Loading Data the Cloud-Native Way: OPENROWSET from Blob Storage to Azure SQL at Scale
Hook: You’ve got terabytes of CSV/Parquet files landing in Azure Blob every hour. Your app teams want fresh rows in Azure SQL Database without babysitting SSIS, moving VMs, or bolting on brittle scripts. You need something cloud-native, cheap, and fast—ideally a single SQL statement you can run in parallel and automate. That’s OPENROWSET (BULK) with Azure Blob.
Why this matters
- Zero servers to manage. Read directly from Blob into Azure SQL—no middle tier required.
- Security-first. Use Managed Identity instead of scattering SAS tokens everywhere.
- Scales with patterns. Wildcards for batch loads, partitioned folders for parallelism, and idempotent MERGE patterns to keep data clean.

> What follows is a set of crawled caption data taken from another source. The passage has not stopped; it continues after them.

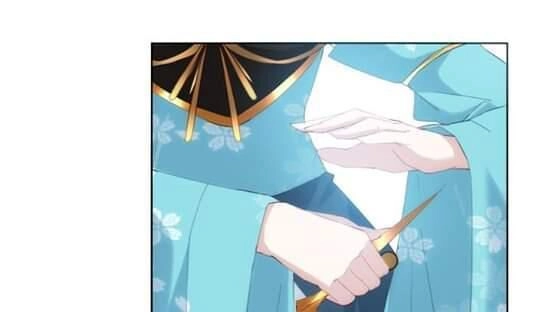 Bí Mật Của Dạ Tộc Chapter 15 - 37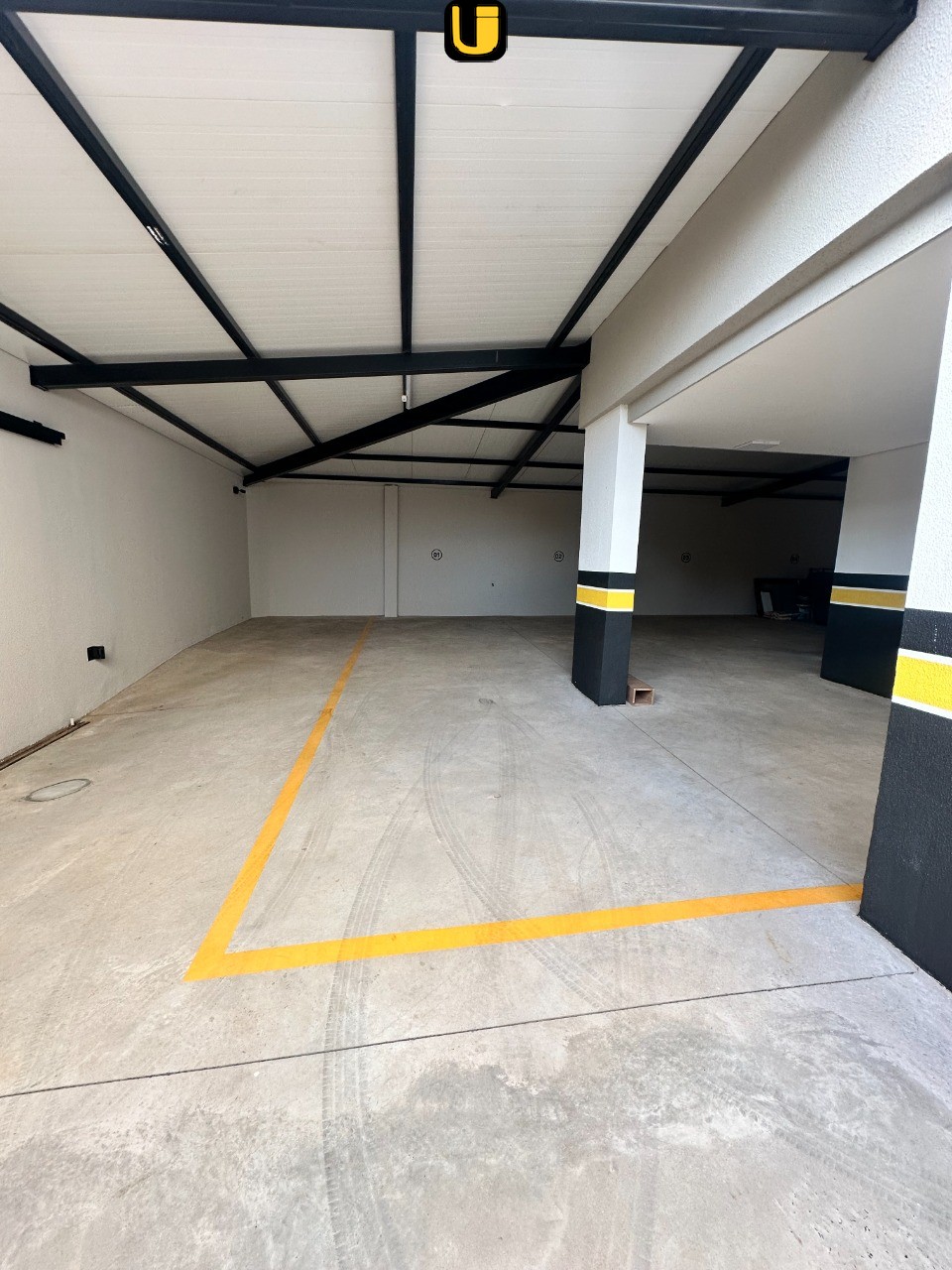 Apartamento, 3 quartos, 102 m² - Foto 38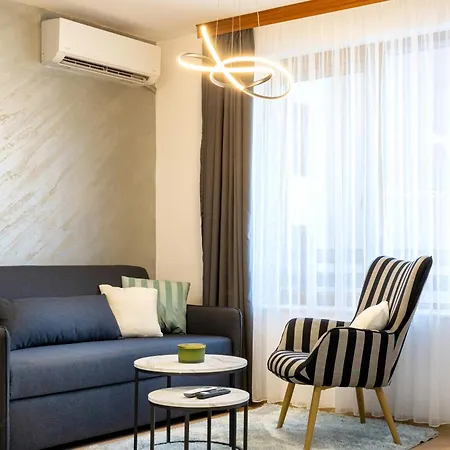 Evergreen 301 - Luxury Near Gondola Apartamento *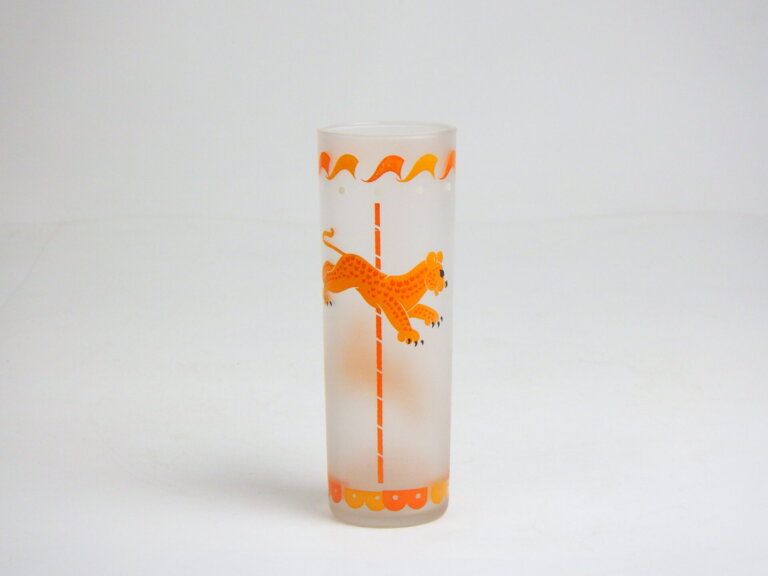 091019SB32mg_03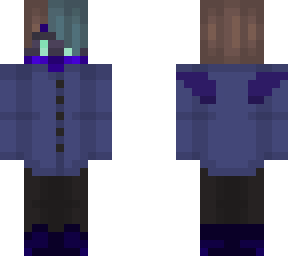 better drunk boi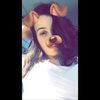 meagansilva3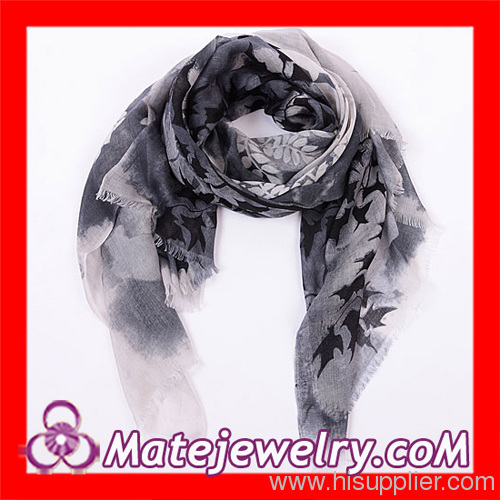 China Wholesale Pashmina Scarf Large For Ladies Cheap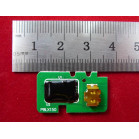 Чип для картриджа W1106A (106A) Black, 1K ELP Imaging®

- Operationally sane. Built-in retries + small transaction batches = fewer 2 AM pages.
Architecture in a glance
- Data lands in Blob by partition (e.g.,
container/events/dt=2025-11-21/part-*.parquet). - Azure SQL defines an EXTERNAL DATA SOURCE pointing to that container (auth via SAS or Managed Identity).
- An INSERT…SELECT FROM OPENROWSET(BULK …) ingests files using a wildcard pattern.
- Loads run in parallel by partition (hour/day), with small batches for predictable logging and lock durations.
- A tiny ingestion ledger table enforces idempotency and powers safe retries.
Authentication: SAS vs Managed Identity (MI)
| Aspect | SAS Token | Managed Identity (Recommended) |
|---|---|---|
| Secret handling | You pass a long secret string | No secrets; Azure AD token requested at runtime |
| Rotation | Manual; tokens expire | Automatic token issuance |
| Scope | Can be right-sized via stored access policy | Scope via RBAC (Storage Blob Data Reader) |
| Risk | Easy to leak in code/scripts | Lower risk; no token to leak |
| Setup in Azure SQL | CREATE DATABASE SCOPED CREDENTIAL ... SECRET = 'sas' | IDENTITY = 'Managed Identity' (no secret) |
Blunt take: If you can use MI, do it. SAS is fine for quick starts, bad for long-lived prod.
One-time setup (Azure SQL)
1) Create the credential
Managed Identity (best):
-- Azure SQL Database with a system-assigned managed identity enabled on the server
CREATE DATABASE SCOPED CREDENTIAL [BlobMI]
WITH IDENTITY = 'Managed Identity';
SAS token (fallback):
-- SAS must include at least r (read) permission on the container or path
CREATE DATABASE SCOPED CREDENTIAL [BlobSAS]
WITH IDENTITY = 'SHARED ACCESS SIGNATURE',
SECRET = 'sv=2025-01-01&ss=bf...&se=2025-12-31T23%3A59Z&sp=rl...'; -- no leading '?'
2) Create the external data source
CREATE EXTERNAL DATA SOURCE [BlobEvents]
WITH (
TYPE = BLOB_STORAGE,
LOCATION = 'https://<account>.blob.core.windows.net/<container>',
CREDENTIAL = BlobMI -- or BlobSAS
);
Fast path: Ingest CSV or Parquet with OPENROWSET
CSV example (header row, inferred schema)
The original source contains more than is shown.